3 kişilik terör örgütü olur mu?

NSU davasında istihbarat bazı belgelere neden 120 yıl gizlilik kararı verdi? Cinayet mahallinde ajanın ne işi vardı? Dinleme kasetleri neden imha edildi? Şahitlerin şüpheli ölümleri neden araştırılmadı?

OKTAN ERDİKMEN - Almanya’da İkinci Dünya Savaşı’ndan bu yana görülen en uzun mahkeme süreçlerinden biri sona erdi.

8’i Türk 10 kişiyi öldüren aşırı sağcı ırkçı NSU terör hücresinin geriye kalan tek üyesi Beate Zschaepe, üst sınırdan ağırlaştırılmış müebbet hapis cezasına çarptırıldı. Bu, Beate’nin destekçi değil, ana fail kabul edilmesi açısından önemliydi. 

Diğer 2 tetikçi zaten intihar etmiş ya da öldürülmüştü. 

Yardım ve yataklıktan yargılananlara da başsavcılığın istediği kadar olmasa da hapis cezaları verildi. 

Peki adalet yerini buldu mu? Hayır.

Dava sürecinde, istihbaratın cinayetlerdeki rolünün üzeri örtüldü. Terör şebekesiyle bağlantılı olan kamu görevlileri hala bizim vergilerimizle maaş almaya devam ediyorlar. 

Halit Yozgat, Kassel’de işlettiği internet kafede öldürülürken, olay yerinde bir istihbarat görevlisi vardı. Cinayetin ardından ifade vermeden kaçtı. Orada olduğu ortaya çıkınca, “tesadüfen” açıklamasını yaptı. Ses kayıtlarında, başka bir üst düzey görevlinin “Bir şey olacağını biliyorsanız, oraya gitmeyin demedim mi?” dediği ortaya çıktı. 

2011 Aralık ayında, teröristlere karşı kullanılabilecek deliller, muhbirlerle ilgili kayıtlar birden yok oldu. Dinleme kasetleri de imha edildi. 

Hessen eyaletinde istihbarat servisinin Halit Yozgat cinayetine ilişkin raporu için 120 yıl gizlilik kararı alındı.

Dava sürecinde birden fazla şahit, şüpheli şekilde ölü bulundu. Araştırma Komisyonu Başkanı Edathy, bilgisayarında uygunsuz çocuk görüntüleri ele geçirildiği için istifa etti.

Alman medyası bu cinayetlerin ardından “Türk mafyası, Kürt mafyası, uyuşturucu, kara para, haraç, organize suç” demişti.

“Döner cinayetleri” manşetleri atmıştı.

Der Spiegel “Türklerin içine sızması çok güç olan paralel dünyasının katillere ulaşmayı zorlaştırdığını” yazmıştı.
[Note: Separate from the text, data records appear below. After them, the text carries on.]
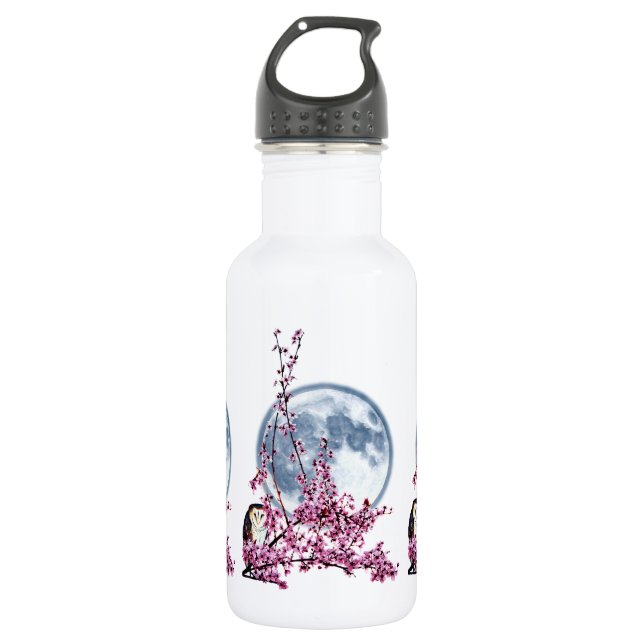 Owl in Plum Tree Stainless Steel Water Bottle (Front)
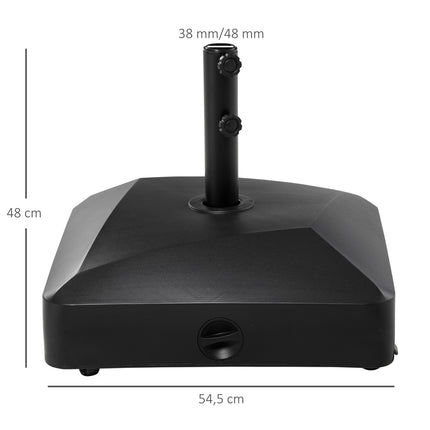 Pied de parasol à roulettes pour mâts Ø38/48mm, 43kg d'eau ou 60kg de sable, pied métallique stable pour jardin et terrasse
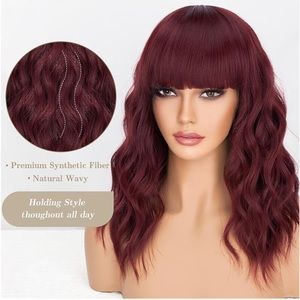 New Bob Curly Wig Synthetic Short Wine Red Wig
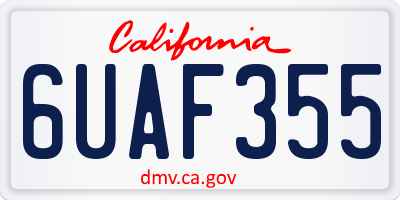 CA license plate 6UAF355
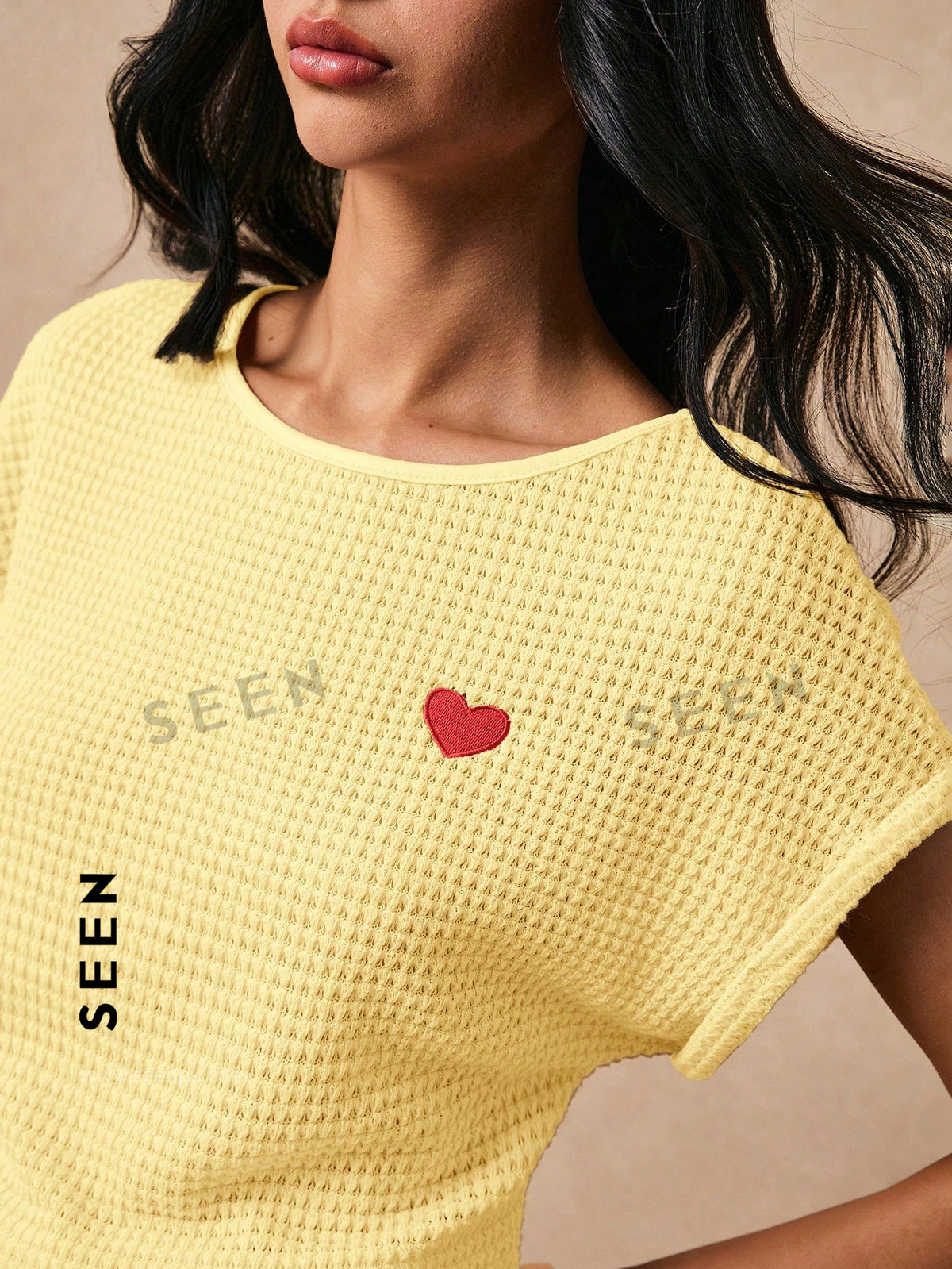 Women's Boho Heart Embroidered Batwing Tee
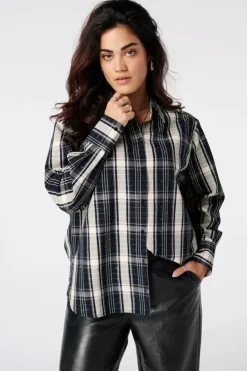 Blouse à carreaux avec strass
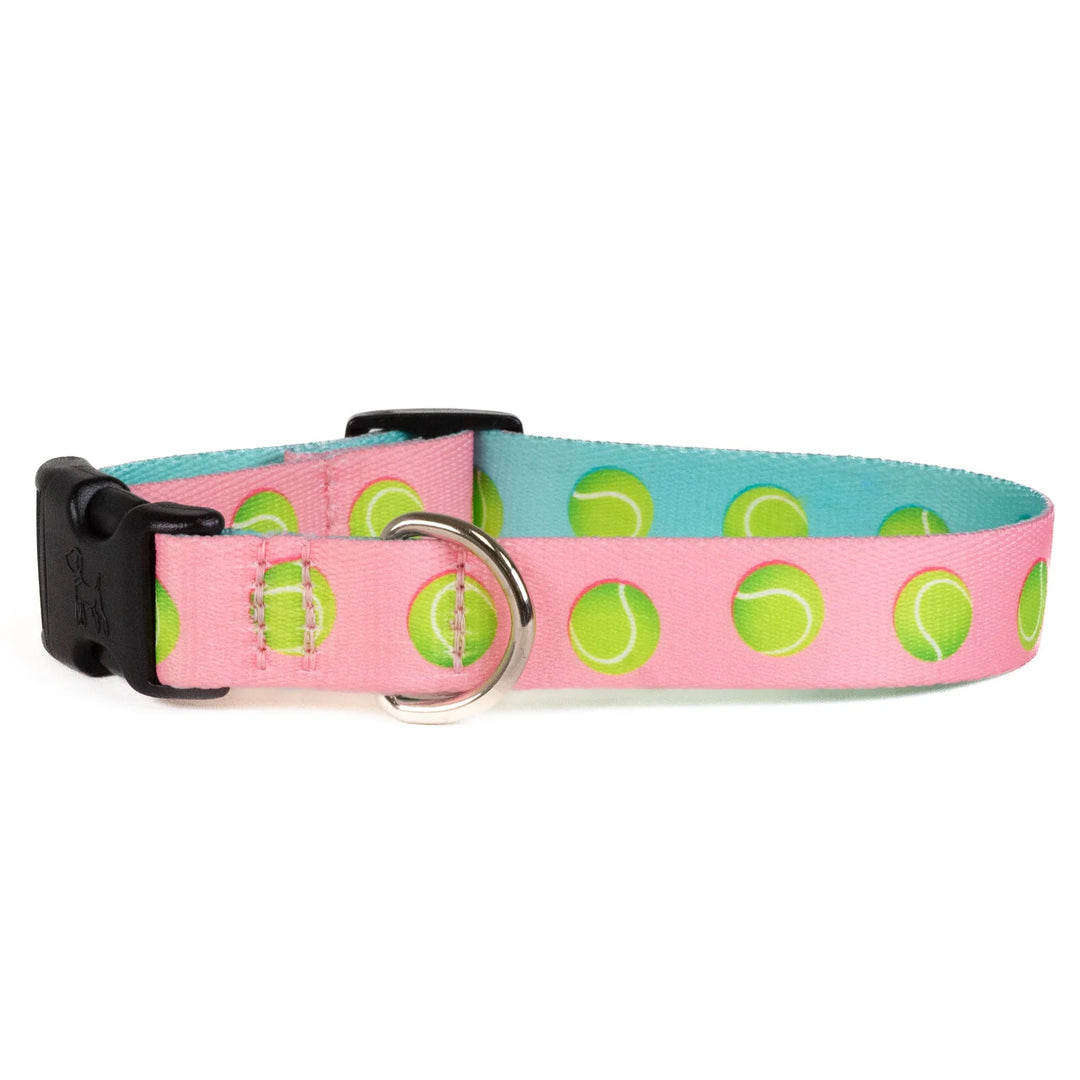 Pink Tennis Balls Printed Dog Collar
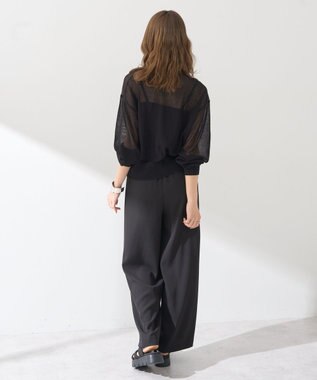 earth music&ecology 【予約】接触冷感シアークルーニットカーディガン ブラック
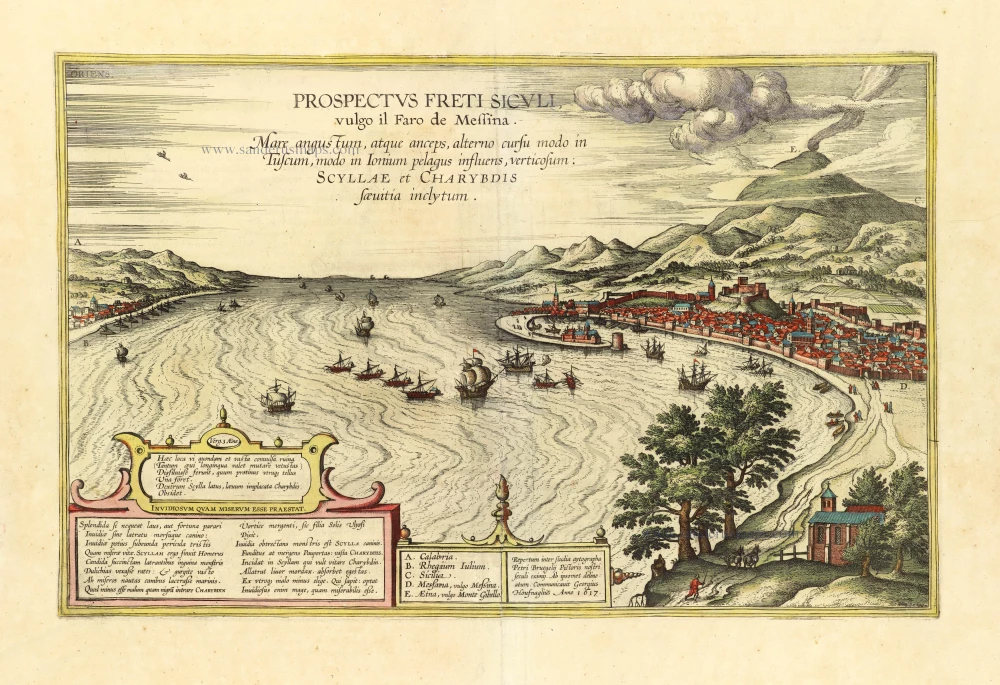 The Strait of Messina, by Georg Braun & Frans Hogenberg, after a drawing by Pieter Brueghel, adapted by Georg Hoefnagel, published by J. Janssonius.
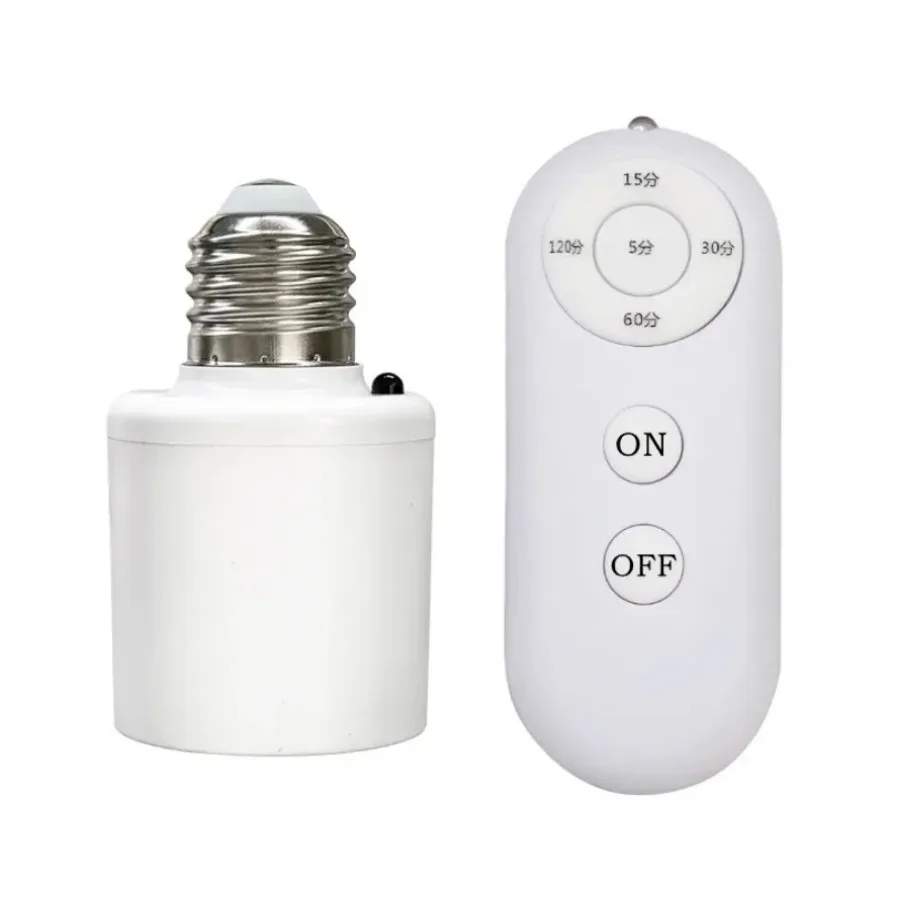 E27 85V-265V Wireless Remote Control Smart Timer Switch Lamp Holder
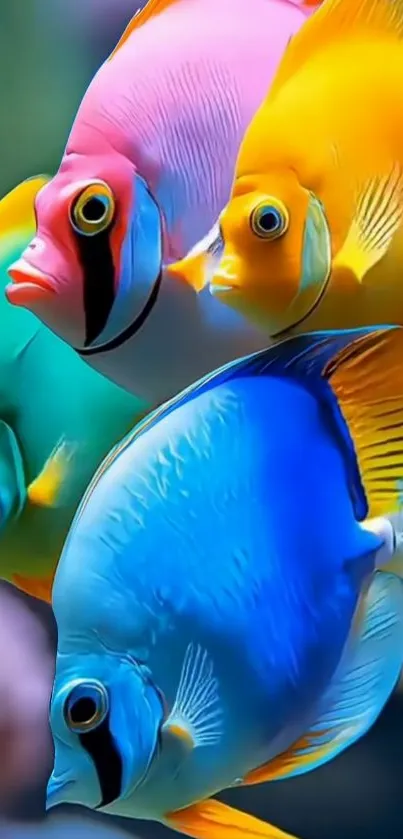 Colorful tropical fish swim majestically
Cinayetlerin ırkçılık temelinde işlendiğinin anlaşılmasının ardından, mağdurların ailelerine 10’ar bin avro tazminat ödenmek istendi. 

Parayı kabul edenlerden sosyal yardım alanların, sosyal yardımları kesildi.

Basının, polisin, istihbaratın soruşturma ve dava sürecindeki tavrı, bu ülkede ırkçılığın ne denli kurumsallaştığını gösterdi.

Bu dava, kurumsal ırkçılıkla topyekün mücadelenin miladı olsun.

Gerçeklerin ortaya çıkması için, 120 yıl beklemeyelim.